Each gene is colored according to association with a system or other specific role as indicated by the panel on the left. Nomenclature for Ysa (ysa) and Yst1 (gsp) is according to Venecia and Young [64] and Iwobi et al. [63]. The putative O-antigen cluster consists of protein sequences (green) WP_045844464–67 and WP_042527525. Genotypes, labelled A to H, represent the following sequences: (A) NVI-10705 and typical configuration of serotype O1 sequences that possess intact Ysa and Yst1; (B) NVI-9681 and typical configuration of serotype O2 with a O-antigen cluster in green; (C) SC09; (D) NVI-492 with partial Ysa deletion characteristic of CC10; (E) NVI-11073 with Ysa deletion; (F) NVI-5635 with partial Ysa and Yst1 deletion and a putative ICE inserted between mutS and the partial Ysa; (G) NVI-4479 with complete deletion of Ysa and Yst1; (H) NVI-11065 with complete deletion of Ysa and Yst1 including DUF 1996. The dotted line indicates a contig split (incomplete genome sequence).

Fig 4. Genetic organization of the accessory VirB/VirD4 ICE and associated genes.

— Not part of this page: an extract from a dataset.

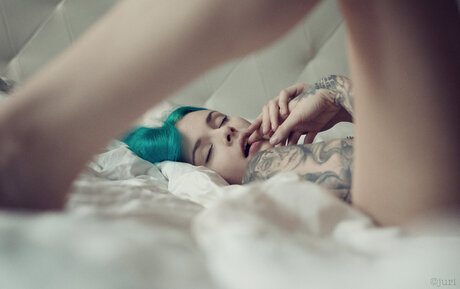 Chaos Isi perfect model pics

Genes are coloured according to function or association with each variant. Genes indicated by number represent virB2—virB11. virB3 and virB4 are fused. Genotypes A to D represent the following sequences: (A) NVI-10705 and typical configuration in CC1 isolates with downstream genes exclusive to CC1; (B) SC09 with downstream genes exclusive to this strain; (C) CFS007-82 with typical configuration of CC2 isolates; (D) NVI-11076 (CC7) with some of the downstream genes present in CC2.

Fig 5. Genetic organization of the yrIlm locus, between yhlA and AFP18 in the Y. ruckeri core genome and maximum likelihood core gene phylogeny of complete CC1 genomes indicating year of isolation, yrIlm copy number and variant (bottom right).

The complete sequence of strain NVH-3758 (CP023184; not included in this tree), isolated in Norway in 1987, contains a single copy of yrIlm [21]. Locus variants, labelled A to K, represent the following complete genomes: (A) NVI-6614 and NVI-10571 (CC1); (B) most modern CC1; (C) CFS007-82 (CC2); (D) KMM821 (CC2); (E) NVI-701 (CC1) and NVI-9681 (CC3); (F) NVI-1176 and NVI-1292 (CC1), and QMA0440 (CC5); (G) BigCreek74; (H) NVI-492 (CC10); (I) SC09; (J) empty site with partial IS256 in lineage B2; (K) empty site with no IS256 in lineages B1 and YRB, and MLVA clonal complexes CC7 and CC9.